The aim, "at the end of the day [is to] excite people", Akar tells The Art Newspaper. Like many new galleries in an increasingly expensive city, Akoje will launch a pop-up space opening today, with a group show of the first artists to make the roster. The exhibition will run for two days and will be located at Spring Studios in London's Chalk Farm.
Artists include the Nigerian painter Oluwole Omofemi (known for his west African influenced portrait of Queen Elizabeth II, commissioned for the late monarch's platinum jubilee), the Trinidadian painter and printmaker Sarah Knights, the Nigerian scrap metal artist Dotun Popoola, the Nigerian painter Olawunmi Banjo, and the Nigerian portraitist Qozeem Abdulrahman.
"I didn't grow up in the art world per se—and obviously my day job is very different from this. One thing that I'm very interested in is making [the gallery] feel normal and enjoyable for everyone who comes in," Itoje says.
"Obviously we want to sell art," he says, "but we also want the experience to be really rich for for everyone who comes in".
The focus of the gallery is on art from Africa and the diaspora. Akar and Itoje first met when they were introduced by the latter's representatives in late 2019 to put together a show about Black history, which ran in 2021. The exhibition, called History Untold, was housed at Akar's Signature African Art Gallery, which was then located in London's Mayfair. It has since closed down.
Akar will now focus his efforts on Akoje's travelling exhibitions. "We were looking at a few business models, including the permanent space—but the world is changing, it's becoming more global," he says. The pair plan to release an exhibition programme in early 2024. "Sometimes we may be following art fairs such as Frieze London," Akar says. Although Akoje's shows may be attached to global events in other sectors, he explains.
The gallery's programme is being delivered in partnership with Frieze although there is no financial backing from the media and fair brand, a spokesperson for Itoje confirms.
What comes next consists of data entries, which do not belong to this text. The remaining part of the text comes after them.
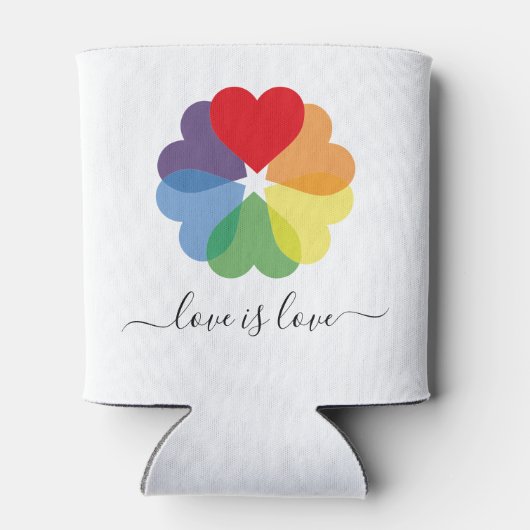 Love Pride Rainbow Hearts Blikjeskoeler (Achterkant)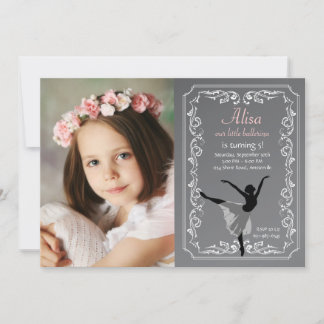 Chalkboard Ballerina Photo Birthday Inbjudan
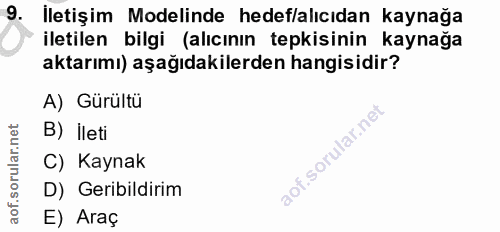 9. soru: İletişim Modelinde hedef/alıcıdan kaynağa iletilen bilgi (alıcının tepkisinin kaynağa aktarımı) aşağıdakilerden hangi…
Indeed, Itoje—who has made a name for himself as an art world figure working with brands such as Sotheby's— sits on the Frieze 91 committee.
Akoje Gallery is launching at a time of burgeoning interest in African culture in the West, which the pair hopes to capitalise on with various partnerships outside of the art world.
This is an approach observed by others working in the African art space of recent, including the contemporary African art fair 1-54 whose latest London edition saw partnerships with the Afrobeats star Mr Eazi and the beauty brand Coty (1-54 has also historically platformed African fine dining). This thinking was also mirrored by the organisers of South London Gallery's summer show: Lagos, Peckham, Repeat whose exhibition of Nigerian contemporary art was delivered alongside explorations of the country's cuisine and music.